I moved into the low-lit den. I saw one of those dimmer-switch knobs and debated turning it up, but in the end I chose to leave it alone. My eyes adjusted pretty quickly. The room had cheesy wood paneling that looked as if it were made from something far closer to vinyl than anything in the timber family. There were two portraits of sad clowns with huge flowers on their lapels, the kind of painting you might pick up at a particularly tacky motel’s garage sale. There was a giant open bottle of no-name vodka on the bar.
I thought I heard somebody whisper.
“Chynna?” I called out.
No answer. I stood, listened for more whispering. Nothing.
I started toward the back, toward where I heard the shower running.
“I’ll be right out,” I heard the voice say. I pulled up, felt a chill. Because now I was closer to the voice. I could hear it better. And here was the thing I found particularly strange about it:
It didn’t sound at all like Chynna.
Three things tugged at me. One, panic. This wasn’t Chynna. Get out of the house. Two, curiosity. If it wasn’t Chynna, who the hell was it and what was going on? Three, panic again. It had been Chynna on the phone—so what had happened to her?
I couldn’t just run out now.
I took one step toward where I’d come in, and that was when it all happened. A spotlight snapped on in my face, blinding me. I stumbled back, hand coming up to my face.
“Dan Mercer?”
I blinked. Female voice. Professional. Deep tone. Sounded oddly familiar.
“Who’s there?”
Suddenly there were other people in the room. A man with a camera. Another with what looked like a boom mike.

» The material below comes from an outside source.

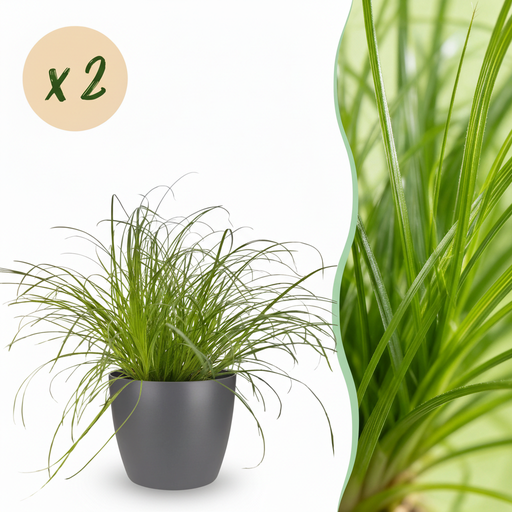 "Zimmerpflanze - Cyperus alternifolius Zumula - Katzenpflanze - Haustierfreundliche Pflanze - Grün - 2 Pflanzen - mit Potter Grau - Topf 12cm - Höhe 20cm image"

And the female with the familiar voice, a stunning woman with chestnut brown hair and a business suit.
“Wendy Tynes, NTC News. Why are you here, Dan?”
I opened my mouth, nothing came out. I recognized the woman from that TV newsmagazine . . .
“Why have you been conversing online in a sexual manner with a thirteen-year-old girl, Dan? We have your communications with her.”
. . . the one that sets up and catches pedophiles on camera for all the world to see.
“Are you here to have sex with a thirteen-year-old girl?”
The truth of what was going on there hit me, freezing my bones. Other people flooded the room. Producers maybe. Another cameraman. Two cops. The cameras came in closer. The lights got brighter. Beads of sweat popped up on my brow. I started to stammer, started to deny.
But it was over.
Two days later, the show aired. The world saw.
And the life of Dan Mercer, just as I somehow knew it would be when I approached that door, was destroyed.
WHEN MARCIA MCWAID FIRST SAW HER daughter’s empty bed, panic did not set in. That would come later.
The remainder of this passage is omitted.